Quella del Roy Hargrove Quintet è una miscela che per due quinti ascoltai nel mitico concerto del vibrafonista Bobby Hutcherson tenutosi al Teatro Manzoni qualche anno fa, dove appunto alla batteria sedeva Karriem Riggins, e alla tromba il rastone del jazz Roy Hargrove.
Oggi Roy assieme a Riggins, ha tirato su un quintetto di tutto rispetto con al sax alto Justin Robinson, al basso Dwaine Burno e al piano Ronnie Mathews.
Un progetto lineare molto particolare, intriso di sonorità per lo più hard-bop e di forti individualismi classical jazz.
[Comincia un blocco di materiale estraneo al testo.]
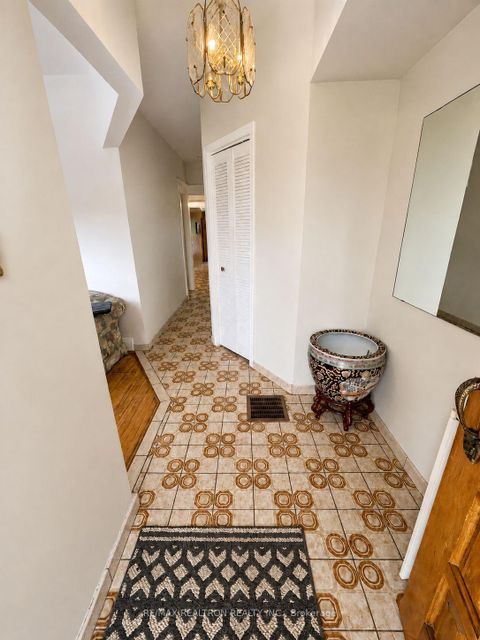 Photo 5 at 442 Northcliffe Boulevard, Oakwood Village, Toronto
Davanti ad una platea non proprio numerosissima (è lo spettacolo delle 23.30 del primo dei cinque giorni, quindi è lecito!) Roy e company si divertono ad indirizzare il proprio sound verso tematiche non troppo complesse, figlie di un jazz che deve tutto ai maestri del be bop.
Sono lunghi treni di note quelle che fuoriescono dal sax di Robinson, e sono alti i contenuti stilistici che Roy riesce a sintetizzare, un duetto che si sfida nella reciprocità del divertimento, profumatamente arbitrati dal rullo compressore di Riggins e dalla tenacia ritmica di Burno (la sua è una fatica materiale riconoscibile dallo sguardo!) e con la mano vellutata e tatumiana (da Art Tatum, va bene Antonio?) del più anziano del gruppo Mathews.
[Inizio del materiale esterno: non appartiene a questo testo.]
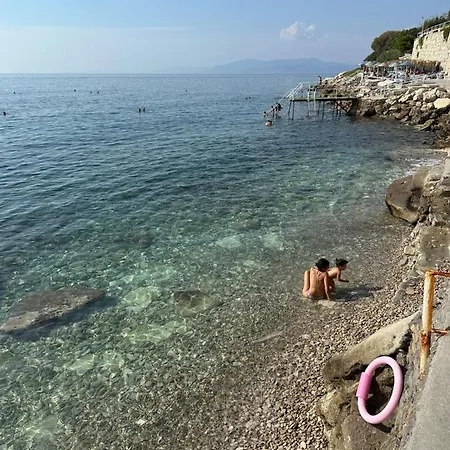 Daire Deniz Manzarali, Plajli Ve Havuzlu Sitede, Seckin Sitesi, Apartment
Momenti di classicità non mancano, anzi sono la spina dorsale del progetto di Roy, che non dimentica che, oltre ad essere un tutore del jazz più puro, è da un po’ di tempo il “baronetto” coccolato da stelle del firmamento popular soul (ricordiamo la collaborazione con la Badu e con D’Angelo).
Quest’attitudine a “intromettersi” negli affari musicali altrui, fa di Roy un perfetto musico contemporaneo, aperto a vari progetti è disponibile a collaborazioni mirate.
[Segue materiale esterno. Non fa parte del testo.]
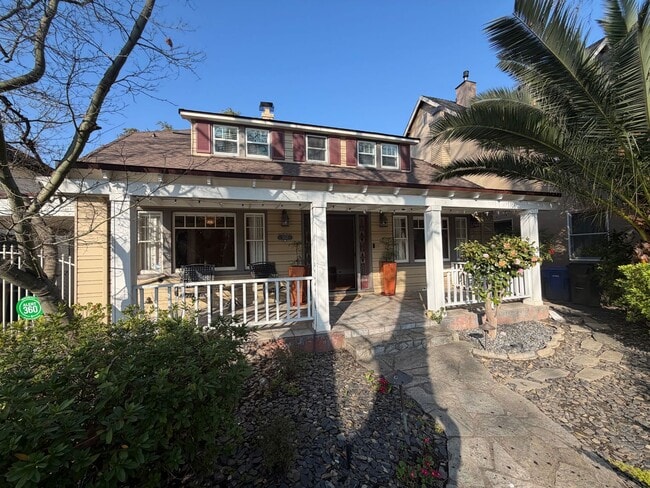 Building Photo - East Sacramento Home | 3 bedroom / 2 bathroom |1 bedroom 1 bath ADU | Available Now!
Un sognatore dal timbro musicale d’orato, che rispetta in silenzio e quasi estasiato, il “lavoro”infinito che risiede nelle meccaniche iperveloci di Robinson (il rastaman è sempre ad occhi chiusi e fa timidi sorrisi d’apprezzamento!).
Uno spettacolo nel jazz, nei lumi impolverati dei suoni del be bop, e nelle atmosfere delicate di un sound di piacevole malinconia.